**Directions for this task:**
Every line in the records below with the string "Size" is to be copied out.

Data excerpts
-- Opening Marker --

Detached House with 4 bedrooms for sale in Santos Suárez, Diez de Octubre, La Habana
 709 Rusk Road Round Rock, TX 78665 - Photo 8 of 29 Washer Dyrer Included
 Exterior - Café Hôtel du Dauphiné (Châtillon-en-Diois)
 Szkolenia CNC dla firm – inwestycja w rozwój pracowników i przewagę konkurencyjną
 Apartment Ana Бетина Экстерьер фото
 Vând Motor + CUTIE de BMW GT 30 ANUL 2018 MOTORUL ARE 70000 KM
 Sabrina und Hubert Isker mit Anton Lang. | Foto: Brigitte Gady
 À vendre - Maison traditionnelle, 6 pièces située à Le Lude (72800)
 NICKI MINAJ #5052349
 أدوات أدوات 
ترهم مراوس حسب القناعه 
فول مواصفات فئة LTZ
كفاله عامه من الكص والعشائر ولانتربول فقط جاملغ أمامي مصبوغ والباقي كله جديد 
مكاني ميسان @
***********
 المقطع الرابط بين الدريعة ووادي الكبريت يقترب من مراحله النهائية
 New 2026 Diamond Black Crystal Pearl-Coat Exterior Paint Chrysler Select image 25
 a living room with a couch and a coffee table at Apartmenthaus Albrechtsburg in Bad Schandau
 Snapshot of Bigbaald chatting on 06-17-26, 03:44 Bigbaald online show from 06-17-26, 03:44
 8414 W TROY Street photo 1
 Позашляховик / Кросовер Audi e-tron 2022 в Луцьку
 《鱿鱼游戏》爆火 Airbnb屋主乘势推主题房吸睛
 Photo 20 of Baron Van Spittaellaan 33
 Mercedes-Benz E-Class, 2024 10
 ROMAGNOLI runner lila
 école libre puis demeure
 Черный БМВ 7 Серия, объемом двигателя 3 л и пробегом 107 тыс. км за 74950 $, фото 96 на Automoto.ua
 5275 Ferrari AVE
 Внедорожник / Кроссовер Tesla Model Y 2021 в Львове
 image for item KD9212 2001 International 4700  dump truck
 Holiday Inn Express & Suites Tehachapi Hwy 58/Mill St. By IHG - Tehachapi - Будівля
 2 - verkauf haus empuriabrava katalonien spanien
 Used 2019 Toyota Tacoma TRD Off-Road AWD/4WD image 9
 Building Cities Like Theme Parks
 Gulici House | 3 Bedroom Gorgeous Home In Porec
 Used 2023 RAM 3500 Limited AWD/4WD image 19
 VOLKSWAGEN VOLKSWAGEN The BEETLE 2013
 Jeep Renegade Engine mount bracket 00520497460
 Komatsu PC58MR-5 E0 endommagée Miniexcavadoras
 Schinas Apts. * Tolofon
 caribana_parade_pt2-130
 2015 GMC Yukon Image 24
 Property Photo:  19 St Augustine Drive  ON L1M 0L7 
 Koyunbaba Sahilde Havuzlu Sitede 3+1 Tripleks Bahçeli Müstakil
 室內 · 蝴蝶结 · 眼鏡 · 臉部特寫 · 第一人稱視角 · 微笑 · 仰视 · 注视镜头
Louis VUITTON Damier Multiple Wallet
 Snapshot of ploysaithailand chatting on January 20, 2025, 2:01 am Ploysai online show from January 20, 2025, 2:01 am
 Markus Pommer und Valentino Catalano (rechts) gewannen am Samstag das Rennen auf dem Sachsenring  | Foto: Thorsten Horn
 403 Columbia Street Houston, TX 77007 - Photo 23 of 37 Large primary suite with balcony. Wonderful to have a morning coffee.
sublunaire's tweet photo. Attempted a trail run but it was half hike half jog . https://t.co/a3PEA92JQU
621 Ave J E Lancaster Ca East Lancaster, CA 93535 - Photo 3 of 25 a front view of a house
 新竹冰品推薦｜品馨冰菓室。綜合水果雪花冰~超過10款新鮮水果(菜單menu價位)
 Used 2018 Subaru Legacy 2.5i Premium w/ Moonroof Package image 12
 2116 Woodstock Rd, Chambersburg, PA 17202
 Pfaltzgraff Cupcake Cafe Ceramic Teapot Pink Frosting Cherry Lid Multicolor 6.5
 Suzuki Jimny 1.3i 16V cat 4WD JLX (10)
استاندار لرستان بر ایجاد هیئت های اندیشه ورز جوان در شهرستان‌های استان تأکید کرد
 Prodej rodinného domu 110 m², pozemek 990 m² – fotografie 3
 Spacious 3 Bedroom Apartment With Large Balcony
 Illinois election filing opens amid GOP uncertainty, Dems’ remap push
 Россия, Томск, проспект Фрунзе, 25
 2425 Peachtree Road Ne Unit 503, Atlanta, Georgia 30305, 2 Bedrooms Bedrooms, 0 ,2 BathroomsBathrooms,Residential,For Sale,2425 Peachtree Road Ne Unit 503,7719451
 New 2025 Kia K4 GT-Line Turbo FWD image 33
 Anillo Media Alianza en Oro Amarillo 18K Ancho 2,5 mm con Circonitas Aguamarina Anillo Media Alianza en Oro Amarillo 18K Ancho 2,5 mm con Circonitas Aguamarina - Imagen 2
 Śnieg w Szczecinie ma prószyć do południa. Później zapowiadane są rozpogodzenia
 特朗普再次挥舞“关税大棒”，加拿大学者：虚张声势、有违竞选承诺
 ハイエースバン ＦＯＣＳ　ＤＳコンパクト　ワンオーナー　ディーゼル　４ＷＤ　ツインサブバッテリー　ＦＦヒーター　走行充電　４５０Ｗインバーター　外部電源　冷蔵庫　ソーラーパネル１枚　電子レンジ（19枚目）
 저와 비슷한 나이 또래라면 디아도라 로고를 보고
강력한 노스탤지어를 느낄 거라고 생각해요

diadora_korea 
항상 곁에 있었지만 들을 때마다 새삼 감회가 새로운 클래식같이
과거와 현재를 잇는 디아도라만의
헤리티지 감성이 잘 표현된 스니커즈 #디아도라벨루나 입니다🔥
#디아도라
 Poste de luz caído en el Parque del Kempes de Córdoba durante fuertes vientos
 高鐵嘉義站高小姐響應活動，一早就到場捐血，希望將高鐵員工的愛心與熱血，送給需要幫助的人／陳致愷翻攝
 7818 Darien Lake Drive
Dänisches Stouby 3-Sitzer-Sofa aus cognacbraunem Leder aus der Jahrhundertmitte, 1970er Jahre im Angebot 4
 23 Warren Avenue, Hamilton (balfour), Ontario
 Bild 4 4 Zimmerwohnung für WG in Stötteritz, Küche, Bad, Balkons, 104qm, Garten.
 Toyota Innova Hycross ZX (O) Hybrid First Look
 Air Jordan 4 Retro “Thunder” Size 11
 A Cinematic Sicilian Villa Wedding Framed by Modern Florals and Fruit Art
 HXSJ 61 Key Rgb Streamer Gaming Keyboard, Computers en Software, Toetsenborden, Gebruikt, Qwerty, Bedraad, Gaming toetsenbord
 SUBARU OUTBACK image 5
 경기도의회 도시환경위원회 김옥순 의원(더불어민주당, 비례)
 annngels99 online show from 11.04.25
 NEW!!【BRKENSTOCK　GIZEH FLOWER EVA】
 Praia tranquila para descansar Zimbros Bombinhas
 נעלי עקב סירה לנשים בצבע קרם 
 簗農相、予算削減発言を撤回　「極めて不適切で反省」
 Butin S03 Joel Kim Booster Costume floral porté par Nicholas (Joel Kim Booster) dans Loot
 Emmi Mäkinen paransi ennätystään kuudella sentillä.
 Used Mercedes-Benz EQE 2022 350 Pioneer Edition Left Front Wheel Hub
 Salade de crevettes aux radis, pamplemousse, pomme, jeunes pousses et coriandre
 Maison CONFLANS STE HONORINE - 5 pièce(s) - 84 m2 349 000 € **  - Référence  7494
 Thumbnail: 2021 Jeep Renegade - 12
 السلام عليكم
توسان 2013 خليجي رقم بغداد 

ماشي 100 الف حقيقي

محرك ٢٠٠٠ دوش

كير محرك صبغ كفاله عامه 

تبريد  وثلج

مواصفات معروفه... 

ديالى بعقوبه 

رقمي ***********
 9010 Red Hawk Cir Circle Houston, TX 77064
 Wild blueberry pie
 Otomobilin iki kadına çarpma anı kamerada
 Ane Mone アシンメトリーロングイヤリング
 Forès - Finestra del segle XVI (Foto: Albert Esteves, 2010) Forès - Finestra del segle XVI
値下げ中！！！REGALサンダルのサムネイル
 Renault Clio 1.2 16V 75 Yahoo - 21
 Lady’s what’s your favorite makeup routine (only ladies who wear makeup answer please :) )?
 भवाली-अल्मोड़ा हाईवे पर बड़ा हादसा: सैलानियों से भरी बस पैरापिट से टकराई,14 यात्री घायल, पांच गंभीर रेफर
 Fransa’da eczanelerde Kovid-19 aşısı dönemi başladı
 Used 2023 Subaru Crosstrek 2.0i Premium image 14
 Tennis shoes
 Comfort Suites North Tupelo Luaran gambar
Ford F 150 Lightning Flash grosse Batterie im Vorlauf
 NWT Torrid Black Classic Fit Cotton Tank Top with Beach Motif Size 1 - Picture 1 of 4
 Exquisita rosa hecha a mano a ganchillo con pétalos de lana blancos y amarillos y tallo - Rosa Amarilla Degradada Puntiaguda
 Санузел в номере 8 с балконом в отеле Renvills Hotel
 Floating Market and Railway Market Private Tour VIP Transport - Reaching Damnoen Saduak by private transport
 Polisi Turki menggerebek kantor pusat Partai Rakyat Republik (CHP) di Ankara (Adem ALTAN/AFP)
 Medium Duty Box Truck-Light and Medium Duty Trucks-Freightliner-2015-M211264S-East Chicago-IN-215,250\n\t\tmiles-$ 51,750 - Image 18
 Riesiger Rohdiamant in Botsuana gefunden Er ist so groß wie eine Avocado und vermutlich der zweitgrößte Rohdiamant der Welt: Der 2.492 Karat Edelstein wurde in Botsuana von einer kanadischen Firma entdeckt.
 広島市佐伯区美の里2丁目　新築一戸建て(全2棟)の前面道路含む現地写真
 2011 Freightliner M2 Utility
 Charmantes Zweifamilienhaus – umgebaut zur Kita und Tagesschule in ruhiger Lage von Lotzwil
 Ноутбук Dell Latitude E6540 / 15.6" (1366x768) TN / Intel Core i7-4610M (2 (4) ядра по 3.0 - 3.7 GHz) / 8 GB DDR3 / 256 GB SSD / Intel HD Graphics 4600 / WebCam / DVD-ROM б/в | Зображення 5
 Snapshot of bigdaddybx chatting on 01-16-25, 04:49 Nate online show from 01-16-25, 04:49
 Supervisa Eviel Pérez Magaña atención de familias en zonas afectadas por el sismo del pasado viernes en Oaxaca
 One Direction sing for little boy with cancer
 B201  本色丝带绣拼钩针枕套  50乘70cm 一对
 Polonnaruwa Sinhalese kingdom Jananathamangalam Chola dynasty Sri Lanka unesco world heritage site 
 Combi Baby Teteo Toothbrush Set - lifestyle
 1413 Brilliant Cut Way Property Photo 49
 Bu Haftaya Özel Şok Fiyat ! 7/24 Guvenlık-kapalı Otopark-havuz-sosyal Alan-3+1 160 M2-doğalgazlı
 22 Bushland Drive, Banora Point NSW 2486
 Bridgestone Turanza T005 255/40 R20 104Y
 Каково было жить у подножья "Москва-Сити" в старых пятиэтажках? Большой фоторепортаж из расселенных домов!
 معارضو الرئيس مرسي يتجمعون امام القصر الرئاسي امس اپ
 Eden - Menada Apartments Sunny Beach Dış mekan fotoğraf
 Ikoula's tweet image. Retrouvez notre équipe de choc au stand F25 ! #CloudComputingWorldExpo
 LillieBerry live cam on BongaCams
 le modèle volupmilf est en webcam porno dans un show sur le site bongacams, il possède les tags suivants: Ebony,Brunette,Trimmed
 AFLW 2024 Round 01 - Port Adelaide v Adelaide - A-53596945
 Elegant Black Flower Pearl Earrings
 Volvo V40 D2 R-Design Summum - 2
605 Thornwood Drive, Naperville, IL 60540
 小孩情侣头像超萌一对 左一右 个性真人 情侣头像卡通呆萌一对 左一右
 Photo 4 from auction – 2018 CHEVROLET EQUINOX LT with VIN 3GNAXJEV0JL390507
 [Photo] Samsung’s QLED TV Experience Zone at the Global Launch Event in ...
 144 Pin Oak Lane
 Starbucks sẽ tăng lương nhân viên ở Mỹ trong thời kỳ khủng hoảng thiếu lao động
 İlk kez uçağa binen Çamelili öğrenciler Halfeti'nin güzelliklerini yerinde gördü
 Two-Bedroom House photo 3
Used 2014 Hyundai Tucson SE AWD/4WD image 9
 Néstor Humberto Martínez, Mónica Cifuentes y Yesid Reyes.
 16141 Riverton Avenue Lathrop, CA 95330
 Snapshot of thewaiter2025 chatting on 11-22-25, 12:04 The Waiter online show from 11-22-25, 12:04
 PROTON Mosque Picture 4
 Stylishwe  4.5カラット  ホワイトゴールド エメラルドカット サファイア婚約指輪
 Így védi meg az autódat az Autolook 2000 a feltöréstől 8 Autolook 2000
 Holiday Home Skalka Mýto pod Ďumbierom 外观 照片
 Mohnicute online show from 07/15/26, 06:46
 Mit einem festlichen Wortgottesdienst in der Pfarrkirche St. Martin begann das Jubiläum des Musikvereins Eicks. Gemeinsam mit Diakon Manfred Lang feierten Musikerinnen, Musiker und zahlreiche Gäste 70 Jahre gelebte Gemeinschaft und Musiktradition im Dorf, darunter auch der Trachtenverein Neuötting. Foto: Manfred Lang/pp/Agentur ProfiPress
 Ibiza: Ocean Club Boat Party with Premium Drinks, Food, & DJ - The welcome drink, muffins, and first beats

-- Closing Marker --

**Solution to the problem:**
 Air Jordan 4 Retro “Thunder” Size 11
 NWT Torrid Black Classic Fit Cotton Tank Top with Beach Motif Size 1 - Picture 1 of 4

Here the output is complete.